Employers aren’t supposed to discriminate against people with mental illness. In fact, it’s often against the law. Yet it happens, so what do we do about it when it does?

In Canada, provincial human rights legislation requires equal rights and opportunities for people with disabilities and other disadvantaged groups. People with mental and physical disabilities deserve the same treatment.

According to the Ontario Human Rights Commission, the entirety of the employment relationship is covered, including “job applications, recruitment, training, transfers, promotions, apprenticeship terms, dismissal, layoffs… situations where an employee returns to work after a disability-related absence… rates of pay, overtime, hours of work, holidays, benefits, shift work, discipline and performance evaluations.”

Additionally, “discrimination does not have to be intentional. And, a person’s disability needs to be only one factor in the treatment they received for discrimination to have taken place.” Discrimination can involve the withholding of benefits or placing undue burden on the disabled person.

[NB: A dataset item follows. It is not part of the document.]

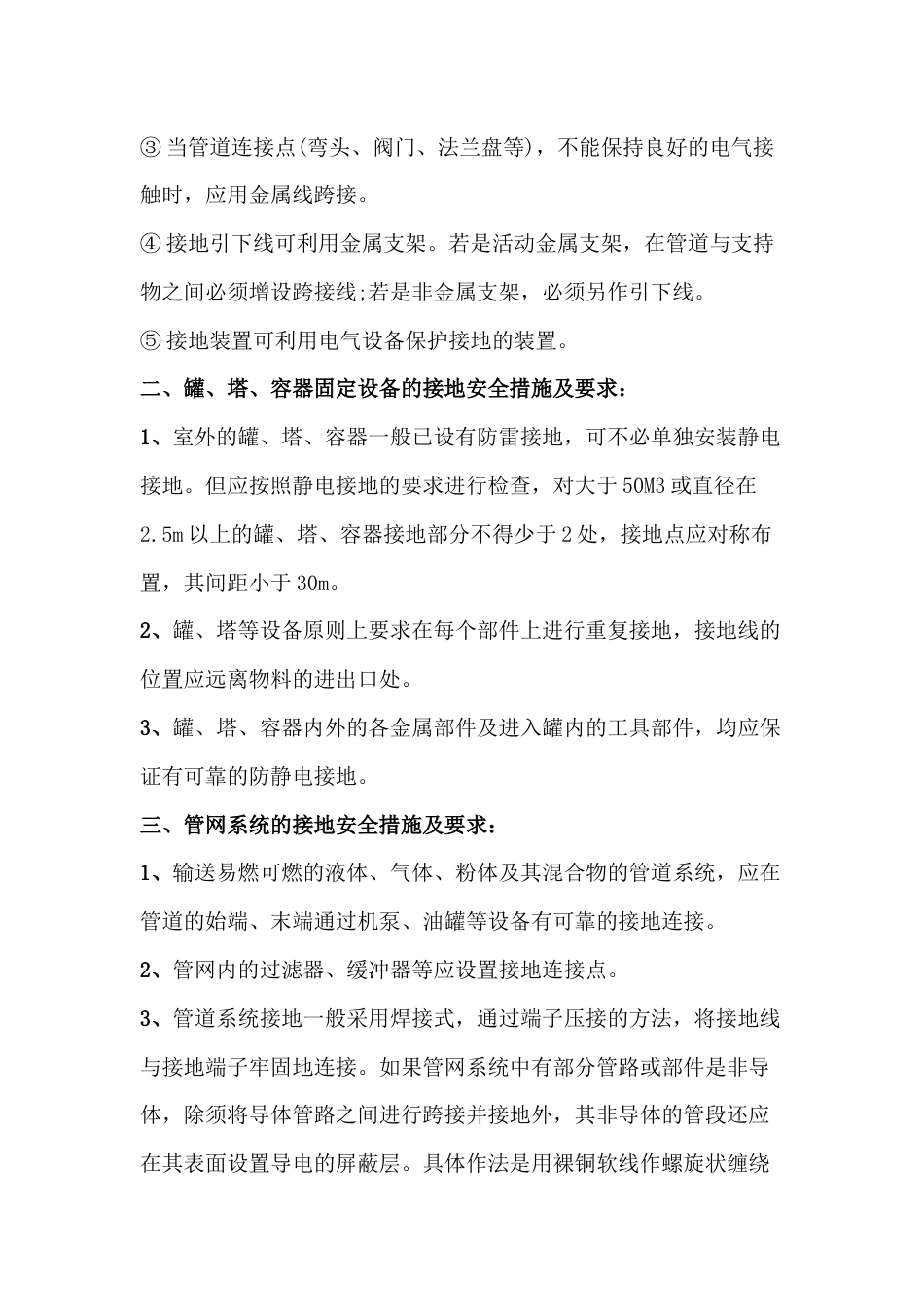 化工企业设备防雷及接地的安全措施_第2页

The practice of not hiring people who have gaps in their resume due to disability can be considered discrimination. Creation of a “poisoned environment” against a disabled person at work is also considered discrimination.

Employers have a duty to accommodate up to the point of “undue hardship.” My understanding is that the bar is set quite high for an employer to be able to claim undue hardship. Employers can’t impose negative consequences on employees who seek to assert their rights as disabled people.

In the U.S., Americans with Disability Act (ADA) is very similar to Canadian legislation, covering all elements of the employment relationship and requiring accommodation to the point of undue hardship. If an employer thinks an employee is disabled and discriminates on that basis even if the employee is not in fact is disabled, that is still treated as discrimination under the ADA.

That’s some pretty substantial legal protection we’ve got. Based on this information I could have been a full-time customer at my local human rights tribunal and they would have laid the smackdown on my awful employers.

And yet…

While discrimination against people with physical disabilities is probably more overt in many cases, discrimination against invisible illness becomes much harder to prove, even if in theory the bar is set fairly low for proving this.

Even if job applications and recruitment are covered under disabilities legislation, the chances seem slim to nil that a potential employer would offer any sort of accommodation around the application/interview process to an applicant with an invisible illness. Instead, they would probably just pretend you didn’t exist, and come up with an excuse not to give you an interval at all.

I suspect most of us who have chosen to disclose our mental illness in the workplace have experienced some sort of negative repercussions. Sometimes these repercussions are overt, but often they’re more subtle, and gamey employers know how to spin it to minimize the chances of them being held accountable.

Accommodations are less obvious when it comes to mental illness compared to physical illness. How does one go about an accommodation so that your manager will stop verbally attacking you? The one time I ever did request an accommodation was because of repeated verbal attacks by my supervisor and director. I had found out that accommodation requests were supposed to be sent to the third party disability management service. Except that didn’t happen. My supervisor wanted to meet with me to discuss it. Given that it was meetings with her that were the problem, for me that was unacceptable. That was treated as the end of my accommodation request.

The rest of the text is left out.